- How to complete this task -
When you write out the listing, keep every character and omit the pictures.

- The data -
- - - - -

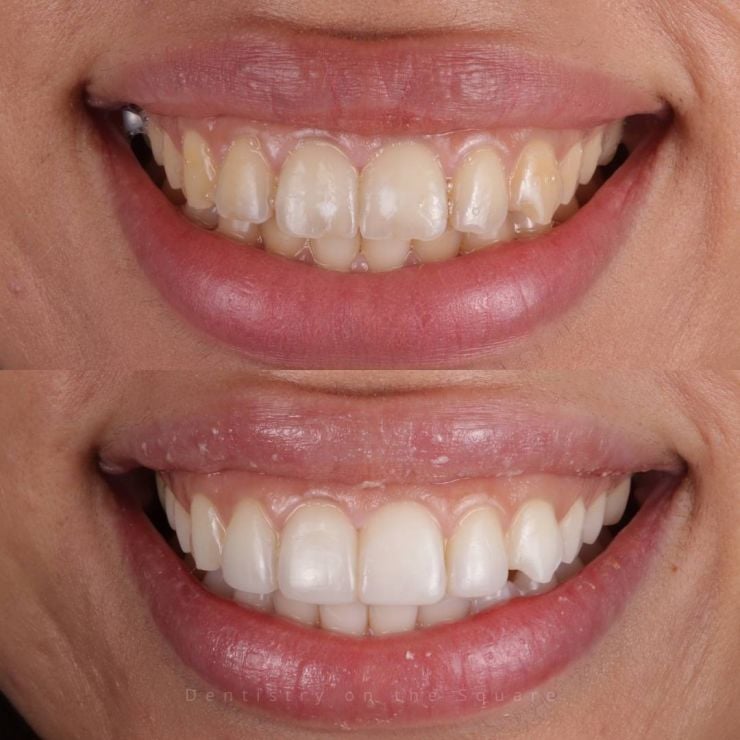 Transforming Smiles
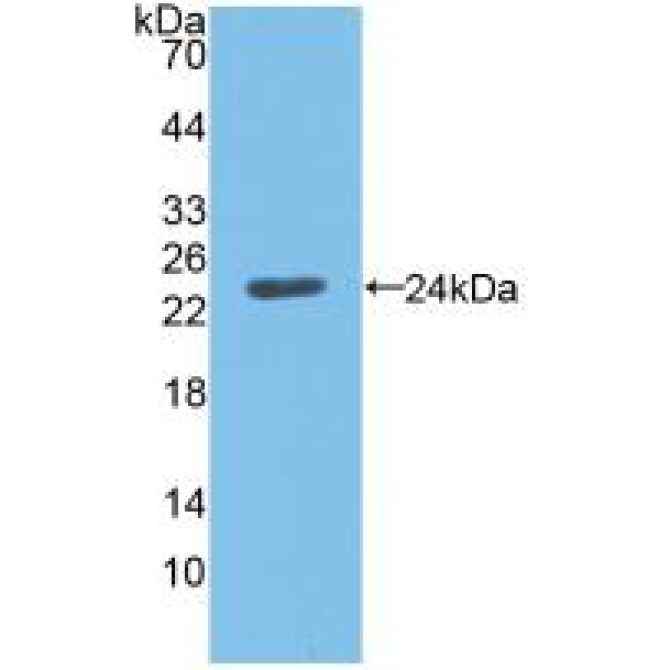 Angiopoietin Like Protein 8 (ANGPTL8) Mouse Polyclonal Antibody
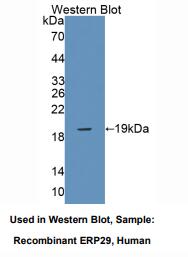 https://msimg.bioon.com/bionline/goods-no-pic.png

- - - - -

- Task solution -
 Transforming Smiles
 Angiopoietin Like Protein 8 (ANGPTL8) Mouse Polyclonal Antibody
 https://msimg.bioon.com/bionline/goods-no-pic.png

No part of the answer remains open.